Randy Worobo, associate professor of food microbiology at the New York State Agricultural Experiment Station in Geneva, and his lab members tested more than 2,000 strains of bacteria from eight types of honey from the United States and New Zealand. One of them stood out.

"In sunflower honey from South Dakota, we identified a strain of Bacillus thuringiensis the biological control known to organic gardeners as 'Bt' — which was effective against common food-borne pathogens including Listeria monocytogenes, the bacteria behind the recent deadly cantaloupe outbreak," said Worobo. "This Bt strain was intriguing, because it had both strong antibacterial and strong antifungal activity."

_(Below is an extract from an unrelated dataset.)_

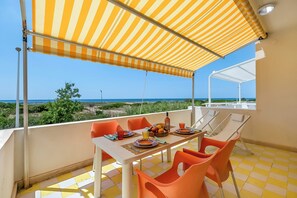 Family Apartment, Multiple Bedrooms (Tramonto Salentino Apartment Sea View) | Outdoor dining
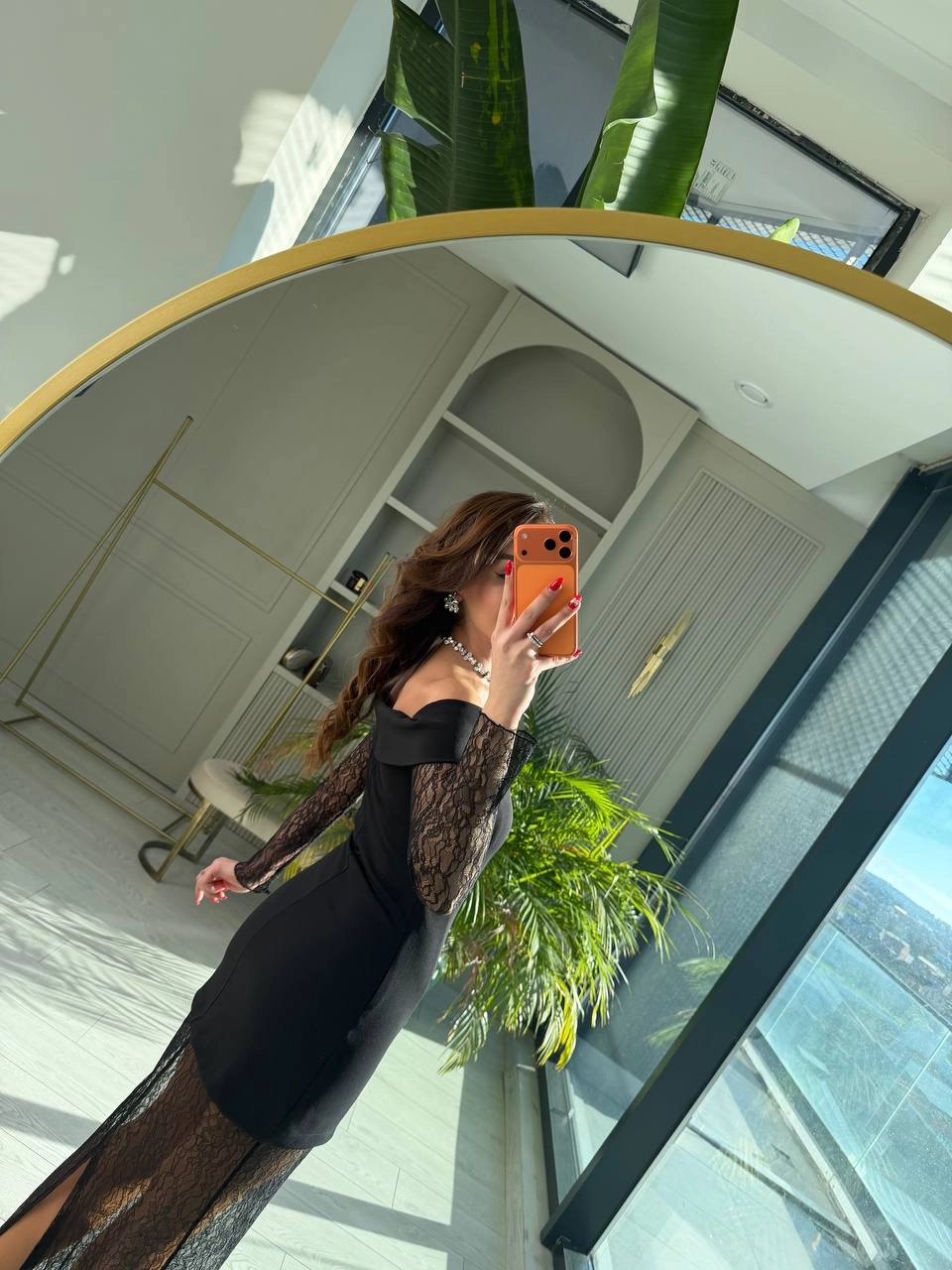 Tasarım%20Dantel%20Detay%20Kayık%20Yaka%20Atlas%20Kumaş%20Elbise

In analyzing the compounds produced by the bacteria, they found one with strong antibacterial activity that they designated as thurincin H. They recognized it as a bacteriocin, a common class of antimicrobials that bacteria produce to compete against other microbes. But compared with the some 40 known bacteriocins, it is unique: It is coded in the bacterial DNA as a unit containing three identical copies of the same bacteriocin gene.

Their findings were reported in September in Angewandte Chemie International Edition.

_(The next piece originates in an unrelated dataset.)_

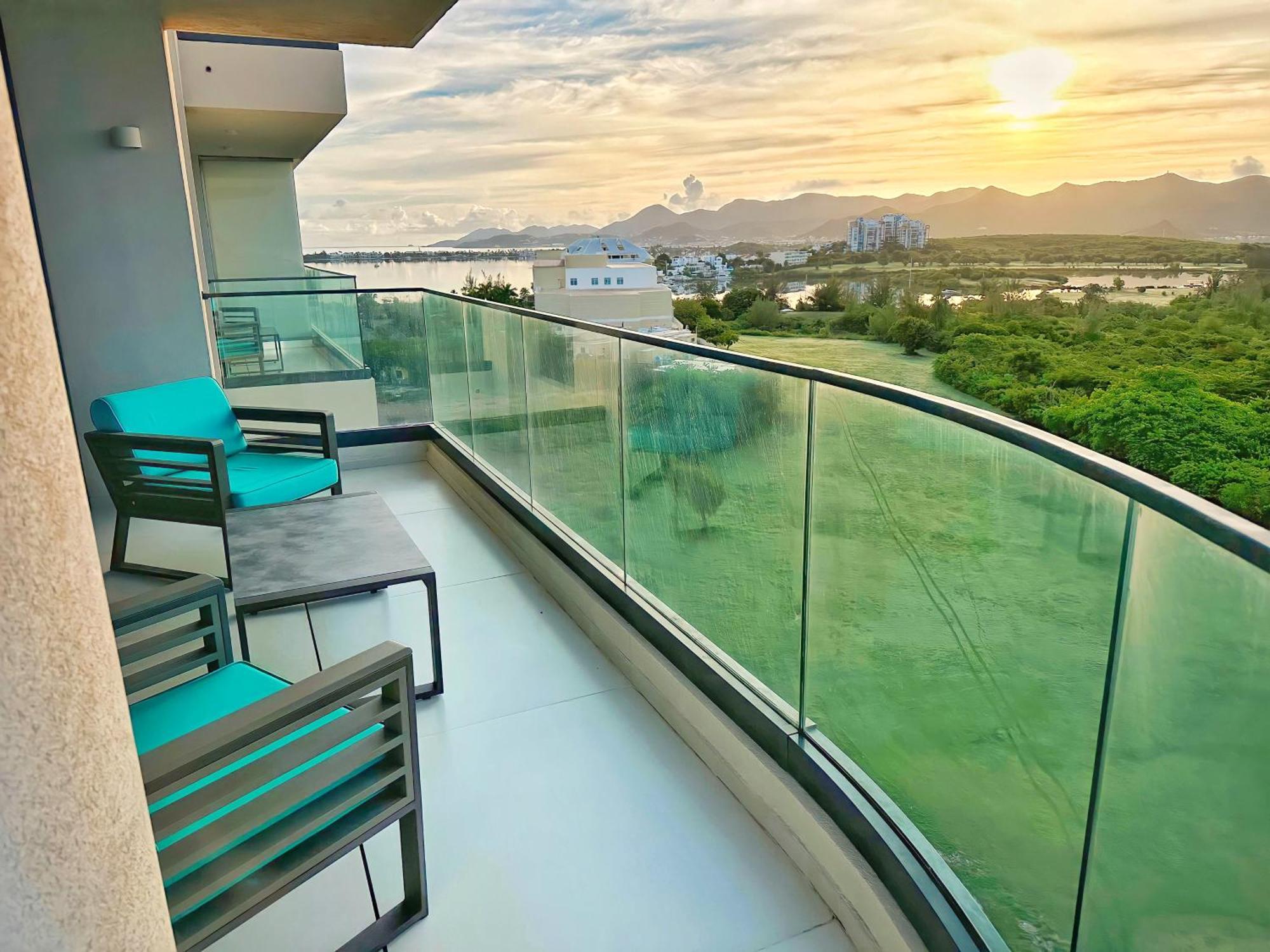 Mullet Bay Suites - Your Luxury Stay Awaits Cupecoy  Extérieur photo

"This is the first report of a bacteriocin gene with this type of a triplet tandem repeat, and they are controlled by the same genetic on-switch," said Worobo. "This might partially explain the bacteria's success against other microbes. It may allow the bacteria to rapidly produce large amounts of this compound."

It wasn't until Worobo collaborated with University of Alberta chemistry professor John Vederas that more unusual aspects of thurincin H were discovered. Using an array of techniques that gives a 3-D picture of the molecule, Vederas noticed several unexpected properties.

"After the bacteria make the protein, it undergoes several enzymatic changes that determine the shape and rigidity of the molecule," said Vederas. "Thurincin H forms four links between sulfur molecules and particular carbon molecules, which creates hairpins that are twisted into a helical structure. It's actually the first time anyone has described a peptide with four of these linkages."

The result is a molecule that looks like a rotary hairbrush, with water-repelling residues on the outside. This combination of shape and function may allow thurincin H to infiltrate membranes of other bacteria.